Data to examine:

--- START ---

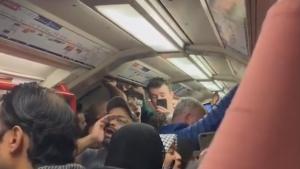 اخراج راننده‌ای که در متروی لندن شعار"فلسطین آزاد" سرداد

--- END ---
--- START ---

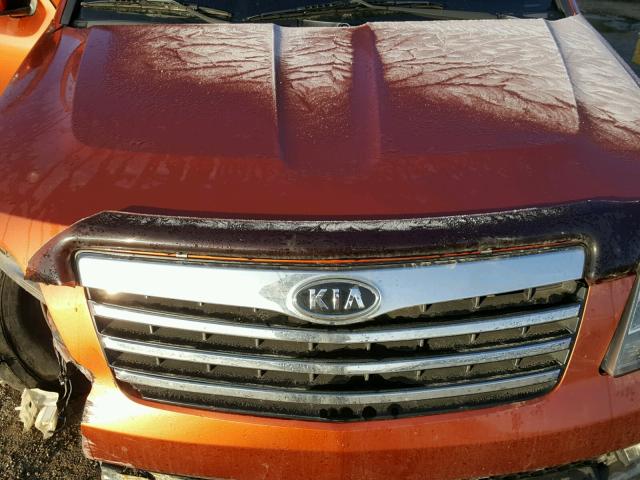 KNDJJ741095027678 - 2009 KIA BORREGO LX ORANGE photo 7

--- END ---
--- START ---

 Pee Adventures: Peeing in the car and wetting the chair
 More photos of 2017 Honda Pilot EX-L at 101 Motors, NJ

--- END ---

Work request:
Your reply is to repeat, unchanged, the lines above running from the one with "Pee Adventures: Peeing" up to and including the one with "More photos of".

Output of the exercise:
 Pee Adventures: Peeing in the car and wetting the chair
 More photos of 2017 Honda Pilot EX-L at 101 Motors, NJ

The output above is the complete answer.